This week, a little piece of my childhood slipped away with the passing of actress Farrah Fawcett. The All-American beauty lost her very public battle with cancer at the age of sixty-two. Ironically, the age that marked the end of her life is for most of us, the beginning of our “golden years.” However, Fawcett’s golden age happened much earlier.
The definitive sex symbol of the 1970s, Fawcett was a dream girl for millions—men wanted to love her; women wanted to be her. Very few stars of today exude such warmth and approachability. And fewer personalities still enjoy the longevity and loyal fan following that Fawcett experienced over four decades. Case in point: A poster of her clad in a red bathing suit, lioness locks flowing, remains the all-time bestseller—more than thirty years later.
Pundits of Charlie’s Angels like to throw “jiggly” barbs at the series. They criticize its “flimsy” storylines and scantily clad heroines as perpetuating the exploitation of females. I never saw it that way. Not then, not now.
In the late seventies having a successful primetime show with three female leads was groundbreaking. Every week, millions watched while Jill Munroe, Sabrina Duncan and Kelly Garrett outplayed con artists, located lost children, and foiled assassination plots.

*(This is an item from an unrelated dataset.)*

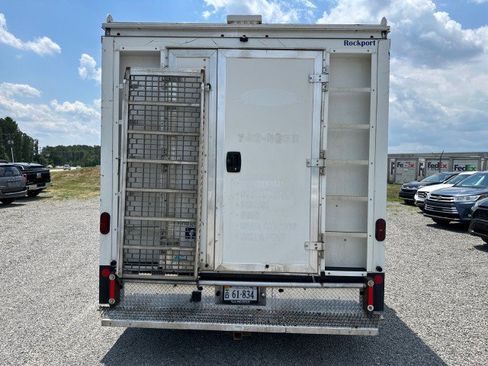 Used 2019 Ford E-350 and Econoline 350 Super Duty w/ Power Windows & Locks Group RWD image 8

They were always savvy, self-sufficient and successful in achieving their objective—whether they were wearing bikinis or burlap. The three epitomized the new “female” that began to emerge in America; an intoxicating mix of intelligence and sexy—“The Intellexy,” as I like to call it.

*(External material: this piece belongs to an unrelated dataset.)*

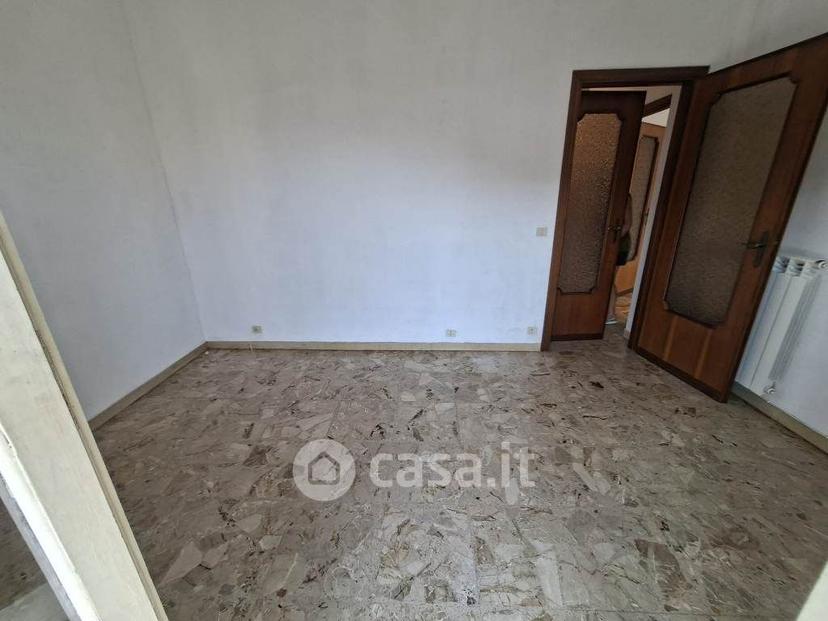 Trilocale in Via Bologna 4 — foto 20 di 23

Charlie’s Angels didn’t pave the way for breast fests like Baywatch—it blazed the path for smarter, more female character-driven series like Kate and Allie, Cagney and Lacey, Buffy The Vampire Slayer, and The Closer. And more importantly, it empowered tens of thousands of little girls like myself to become the women we are today—smart, independent and brave.
As a child, I remember escaping the wrath of my alcoholic father by disappearing into the wooded area behind our Danbury home. It was within that natural shelter that I would pretend to be the “fourth” angel. I would run around dodging the bad guys along with my famous gal pals. Although pretend, those three women unwittingly brought a great deal of solace and comfort to a little girl who, in their “presence”, didn’t feel so alone.
Thank you, Farrah—you truly were an angel. May you rest in peace.